Stine looked at him for a long moment.

And then he smiled, but there was Winter in his eyes.

"We all make mistakes," he said softly. "Sorry. Haine! Take him away!"


X

Stealthily Deanne picked her way from shadow to shadow toward the smooth walled depression, her feet scarcely touching the planetoid's riven surface in the slight gravity. Yards from it, she got to her stomach and crawled to the lip, peered over.

Every muscle in her body went tense as she saw the hidden hatch at the crater's bottom sliding soundlessly closed.

As she had thought, the crater wall was artificially magnetized, and in a half crouch, clinging to the deepest shadow cast by the grotesque ball of Jupiter above her, she edged her way downward. She reached the spot where the camouflaged hatch had closed, and, again prone, waited.

There was only the space of seconds before the round slab of metal began opening! She tensed, and with her helmet touching the ground, heard the sound of heavy footsteps climbing upward, making the hollow, clanging sounds of space boots on metallic ladder rungs.

A space helmet suddenly thrust itself above the opening, and for a frozen second, she could see the man's face. It was not Jon's! There was a look of stunned surprise upon it for that timeless moment, and Deanne knew even as she moved that it was this space between seconds or never at all.

With all the strength in her body she swung her right leg, swung the heavy toe of her spaceboot straight at the man's face plate!

He tried vainly to dodge, to drop downward to safety. Had Deanne waited a heartbeat longer she would have missed.
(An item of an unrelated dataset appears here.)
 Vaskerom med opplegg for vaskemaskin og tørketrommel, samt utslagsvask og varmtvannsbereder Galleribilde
She felt the terrible impact as her boot hit squarely, shattered the thin plastiglass of the helmet, went through it to strike flesh and bone.
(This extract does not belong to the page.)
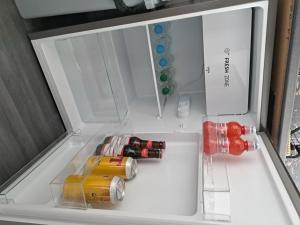 an open refrigerator with drinks inside of it at Charming 1-Bed Apartment in Troon in Troon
Instinctively her eyes went shut tight as the man inside the ruptured suit virtually exploded.

But there was no time to think of what she'd done, to wonder if this was murder or the duty of warfare: the man was dead. Half in, half out of the yawning hatchway, sprawled like a bloody puppet, his weapons still in their holsters at his sides. She took them. And even in the light gravity of Callisto, it took nearly all the strength she could summon and all her courage to haul the limp thing that had been a man all the way out of the gaping shaft and then push it, over and over, away from her, away from the hatch that had already begun to automatically swing downward.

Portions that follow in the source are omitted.